Write all of the entries out again exactly, but not the images.

=== Section Start ===

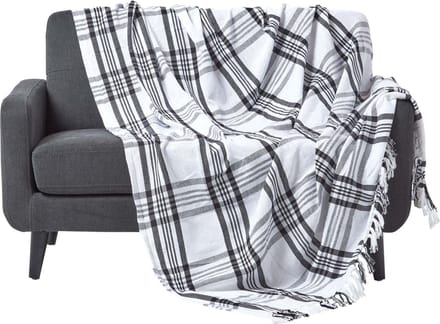 Homescapes Zwart/Wit Tartan Plaid 150 x 200 cm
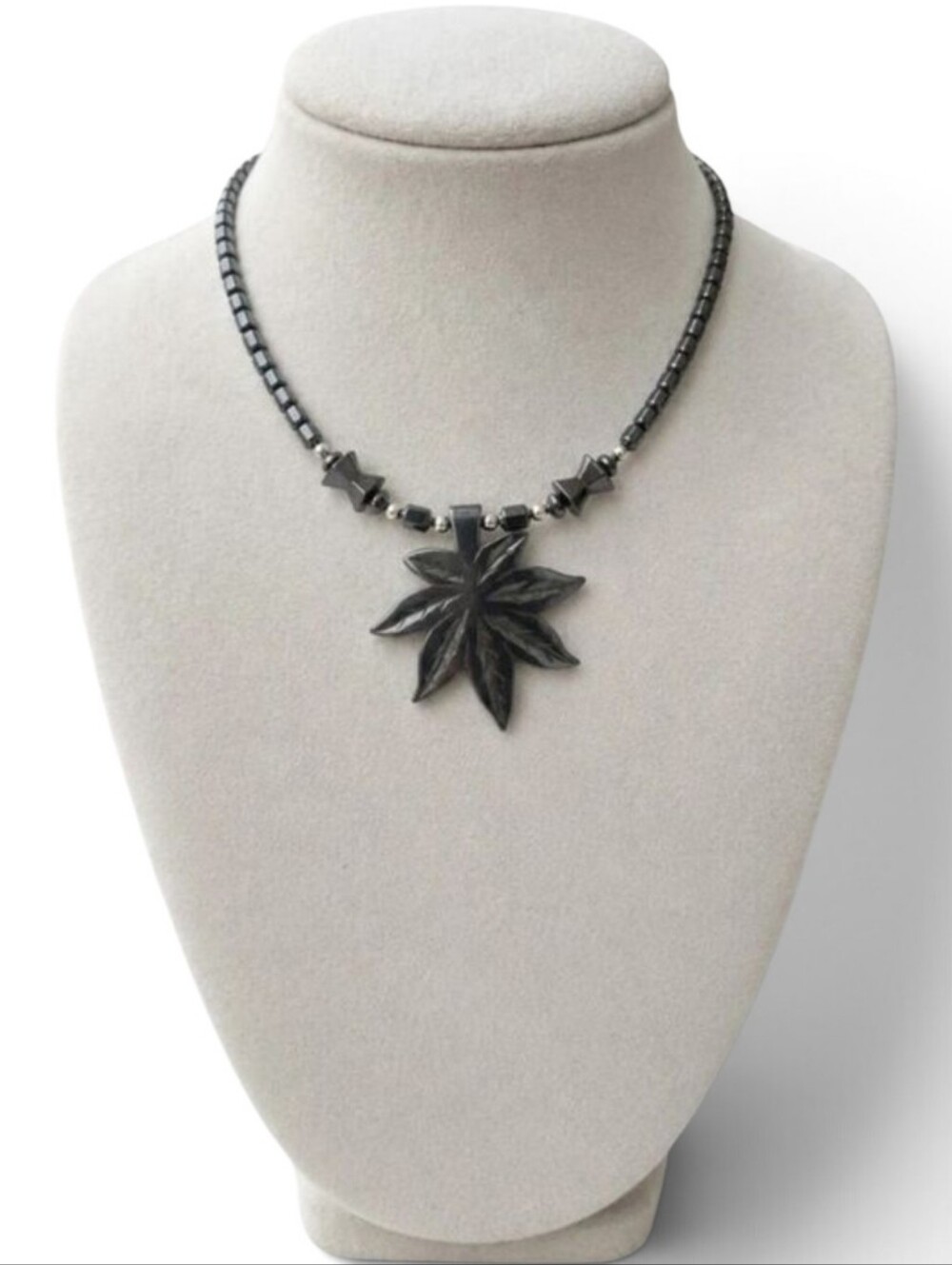 Vintage Hematite Leaf Pendant Necklace
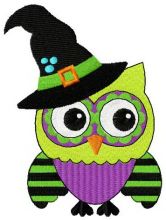Witch owl embroidery design
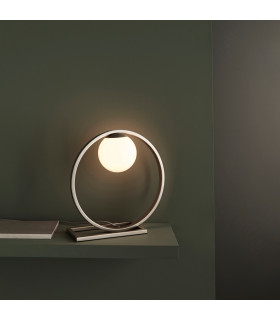 Enzo Globe Table Lamp Brushed Silver Finish Gloss Opal Glass 1x G9-2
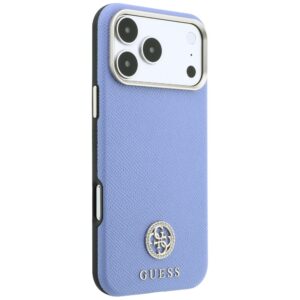 Guess Grained Round Strass Logo MagSafe dėklas, skirtas iPhone 18 Pro Max / 17 Pro Max, mėlynas - Image 4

=== Section End ===

ANSWER:
 Homescapes Zwart/Wit Tartan Plaid 150 x 200 cm
 Vintage Hematite Leaf Pendant Necklace
Witch owl embroidery design
 Enzo Globe Table Lamp Brushed Silver Finish Gloss Opal Glass 1x G9-2
 Guess Grained Round Strass Logo MagSafe dėklas, skirtas iPhone 18 Pro Max / 17 Pro Max, mėlynas - Image 4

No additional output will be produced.